5 min to read
Upgrading EKS Clusters!
Upgrades are always fun

Upgrading EKS the hard way!
Let me set the scene: 12 EKS clusters, spread across different clients, running on Kubernetes 1.22, and a mountain of potential complexity waiting to explode. This is the story of how I transformed a potential nightmare into a surgical precision upgrade operation.
In previous posts I talked about managed Kubernetes services that span all major cloud providers, this is definitely a big win for all engineers that work and manage Kubernetes workloads as upgrades tend to be somewhat quick and safe, whereas having your own Kubernetes vanilla distribution running on multiple virtual machines can be a real nightmare!

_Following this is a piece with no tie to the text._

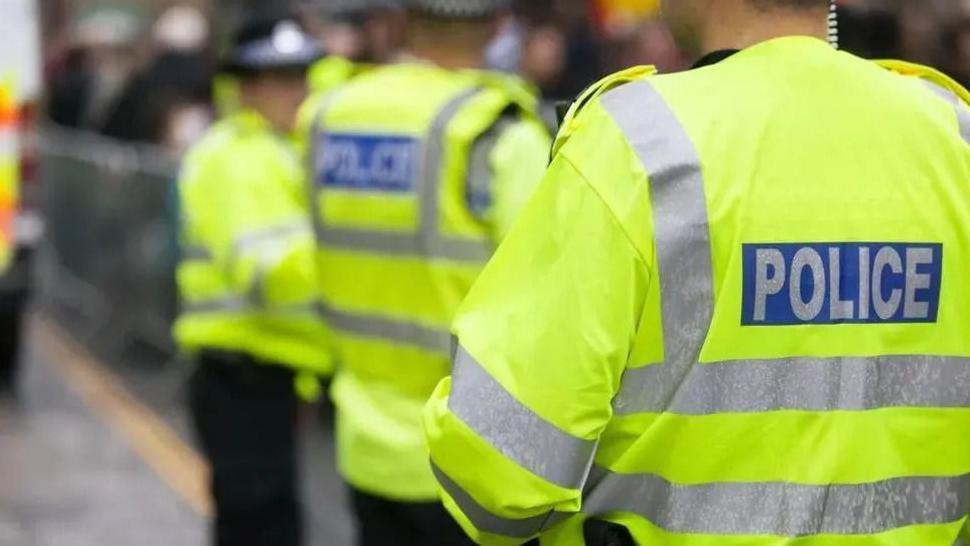 Three police officers wearing high-vis jackets.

The Initial Landscape: A Kubernetes Pressure Cooker
Imagine inheriting a system with:
- 12 uniquely configured EKS clusters
- Clients with varying levels of tolerance for downtime
- A Kubernetes version that was rapidly approaching end-of-support (This was literally the main reason for this as AWS was changing the pricing of the old versions in order to push us, the customers, to upgrade to newest versions)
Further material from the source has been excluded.